■ Work task: Transcribe the listing exactly as written. Leave the images out.

■ Information supplied:

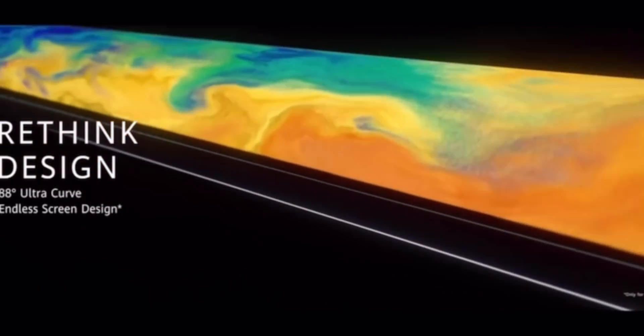The Mate X folding phone will be launched in China first next month.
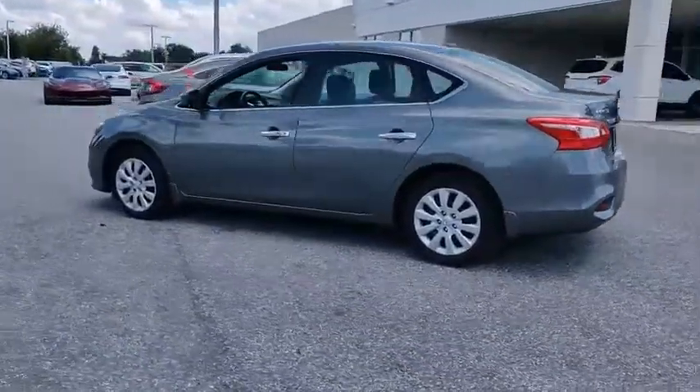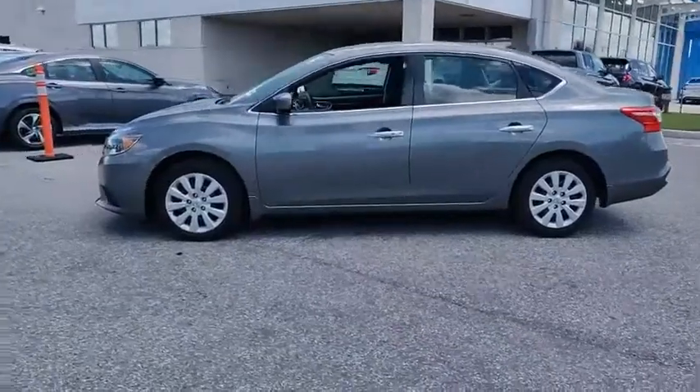This vehicle has less than 40,000 miles. Here are some of this vehicle's great options.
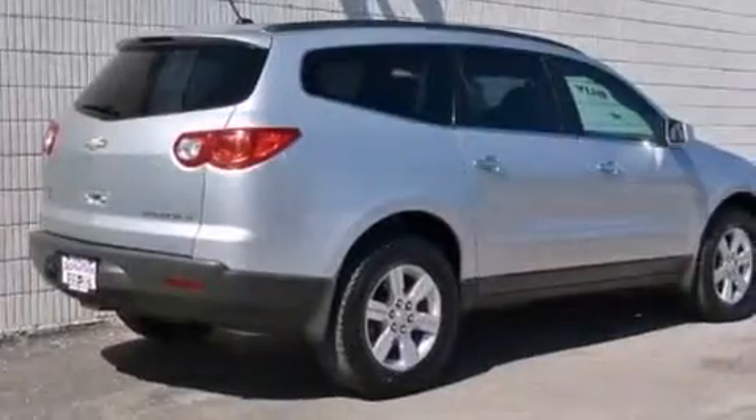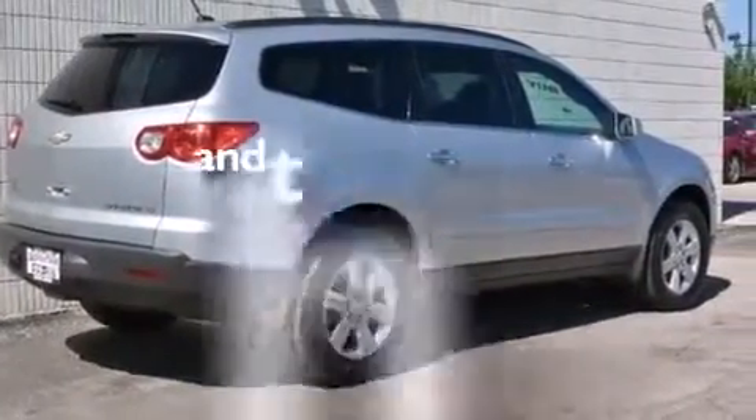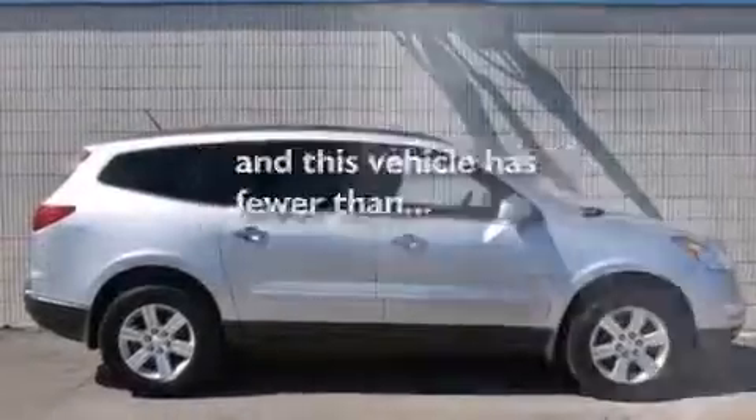Air conditioning with automatic climate control, cruise control, a rear parking aid, and this vehicle has fewer than 39,000 miles on the odometer.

■ Written solution:
The Mate X folding phone will be launched in China first next month.
This vehicle has less than 40,000 miles. Here are some of this vehicle's great options.
Air conditioning with automatic climate control, cruise control, a rear parking aid, and this vehicle has fewer than 39,000 miles on the odometer.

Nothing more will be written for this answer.